Kentone Body Types And Importance
Ketone bodies formed in liver to free up CoA for b-oxidation metabolized in other tissues, including brain, as an energy source. The formation of ketone bodies is a consequence of prolonged metabolism of fat. Their formation in the liver actually enables liver to metabolize even more fat by freeing up CoA that would otherwise be tied up as acetyl-CoA waiting to get into the TCA cycle. The liver exports the ketone bodies; and other tissues, particularly the brain, can adapt to use them. With increasing metabolism of fat through b-oxidation, much of the mitochondrial CoA pool may become tied up as acyl- or acetyl-CoA. In such cases, the supply of free CoA can be diminished, and this may limit the rate of b-oxidation. Upon prolonged fasting and heavy reliance on fat for energy, the liver induces the enzymes required for the formation of ketone bodies and brain induces enzymes required for their metabolism. Ketone bodies are formed in the liver mitochondria by the condensation of three acetyl-CoA units. Two acetyl-CoAs are condensed to form acetoacetyl-CoA. The acetoacetyl-CoA is condensed with another acetyl-CoA to give hydroxymethylglutaryl-CoA (HMG-CoA). This is then split by HMG-CoA lyase to acetyl-CoA and acetoacetate. The hydroxybutyrate arises from acetoacetate by reduction. The overall sum of ketone body formation is the generation of acetoacetate (or hydroxybutyrate) and the freeing-up of the 2 CoAs that were trapped as acetyl-CoA. Ketone bodies are utilized in other tissues (but not the liver) by converting the acetoacetate to acetoacetyl-CoA and then converting the acetoacetyl-CoA to 2 acetyl-CoA, which are burned in the muscle mitochondria. Increased fatty acid oxidation is a characteristic of starvation and of diabetes mellitus, leading to ketone body production by the liver (ketosis). Ketone bodies are acidic and when produced in excess over long periods, as in diabetes, cause ketoacidosis, which is ultimately fatal. Because gluconeogenesis is dependent upon fatty acid oxidation, any impairment in fatty acid oxidation leads to hypoglycemia. This occurs in various states of carnitine deficiency or deficiency of essential enzymes in fatty acid oxidation, eg, carnitine palmitoyltransferase, or inhibition of fatty acid oxidation by poisons, eg, hypoglycin.

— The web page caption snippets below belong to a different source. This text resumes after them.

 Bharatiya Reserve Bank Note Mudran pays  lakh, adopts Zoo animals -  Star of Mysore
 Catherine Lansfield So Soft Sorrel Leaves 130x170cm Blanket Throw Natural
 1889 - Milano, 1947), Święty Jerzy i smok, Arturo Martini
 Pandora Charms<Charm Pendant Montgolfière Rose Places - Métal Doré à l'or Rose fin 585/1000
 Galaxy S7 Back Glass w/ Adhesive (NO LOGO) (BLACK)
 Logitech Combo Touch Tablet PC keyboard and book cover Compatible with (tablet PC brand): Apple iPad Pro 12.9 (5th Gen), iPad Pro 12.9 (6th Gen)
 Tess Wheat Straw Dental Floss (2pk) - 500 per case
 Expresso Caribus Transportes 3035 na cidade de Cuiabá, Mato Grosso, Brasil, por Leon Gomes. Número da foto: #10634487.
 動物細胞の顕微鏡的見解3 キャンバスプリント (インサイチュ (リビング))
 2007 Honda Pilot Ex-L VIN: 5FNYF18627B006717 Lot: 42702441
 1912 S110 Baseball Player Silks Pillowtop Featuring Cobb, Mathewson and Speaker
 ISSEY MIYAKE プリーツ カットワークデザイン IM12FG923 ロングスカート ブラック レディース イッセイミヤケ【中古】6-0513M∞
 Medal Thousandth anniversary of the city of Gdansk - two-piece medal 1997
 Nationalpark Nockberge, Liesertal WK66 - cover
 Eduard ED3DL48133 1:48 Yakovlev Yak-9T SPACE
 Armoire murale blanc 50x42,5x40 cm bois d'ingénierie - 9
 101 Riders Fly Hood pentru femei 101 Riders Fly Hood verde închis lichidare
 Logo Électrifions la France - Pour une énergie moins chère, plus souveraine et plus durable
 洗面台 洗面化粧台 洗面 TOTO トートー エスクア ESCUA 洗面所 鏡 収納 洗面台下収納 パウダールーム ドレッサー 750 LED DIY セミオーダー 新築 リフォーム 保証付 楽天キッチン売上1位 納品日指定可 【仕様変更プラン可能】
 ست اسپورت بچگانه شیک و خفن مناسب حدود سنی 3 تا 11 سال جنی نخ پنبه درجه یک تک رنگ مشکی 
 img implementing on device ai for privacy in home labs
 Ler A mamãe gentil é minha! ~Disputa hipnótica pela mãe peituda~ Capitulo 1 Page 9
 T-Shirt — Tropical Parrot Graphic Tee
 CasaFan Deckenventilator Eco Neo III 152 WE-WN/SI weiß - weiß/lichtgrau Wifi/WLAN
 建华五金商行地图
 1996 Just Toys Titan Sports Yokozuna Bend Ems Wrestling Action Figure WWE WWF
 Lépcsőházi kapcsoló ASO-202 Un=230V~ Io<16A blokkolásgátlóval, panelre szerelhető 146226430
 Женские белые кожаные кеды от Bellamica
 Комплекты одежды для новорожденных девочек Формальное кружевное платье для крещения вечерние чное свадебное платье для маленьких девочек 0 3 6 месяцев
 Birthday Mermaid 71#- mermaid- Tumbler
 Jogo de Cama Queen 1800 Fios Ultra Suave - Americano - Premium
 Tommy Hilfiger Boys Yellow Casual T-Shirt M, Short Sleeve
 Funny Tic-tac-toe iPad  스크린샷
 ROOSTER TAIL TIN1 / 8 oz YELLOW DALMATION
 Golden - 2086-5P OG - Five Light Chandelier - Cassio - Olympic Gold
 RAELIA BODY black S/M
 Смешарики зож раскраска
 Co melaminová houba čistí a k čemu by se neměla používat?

Ketogenesis occurs when there is a high rate of fatty acid oxidation in the liver
Under metabolic conditions associated with a high rate of fatty acid oxidation, the liver produces considerable quantities of acetoacetate and ß-hydroxybutyrate. Acetoacetate continually undergoes spontaneous decarboxylation to yield acetone. These three substances are collectively known as the ketone bodies. Acetoacetate and 3-hydroxybutyrate are interconverted by the mitochondrial enzyme D(ß)-3-hydroxybutyrate dehydrogenase; the equilibrium is controlled by the mitochondrial [NAD+]/ [NADH] ratio, ie, the redox state. The concentration of total ketone bodies in the blood of well-fed mammals does not normally exceed 0.2 mmol/L. Extrahepatic tissues utilize them as respiratory substrates. The net flow of ketone bodies from the liver to the extrahepatic tissues results from active hepatic synthesis coupled with very low utilization. The reverse situation occurs in extrahepatic tissues.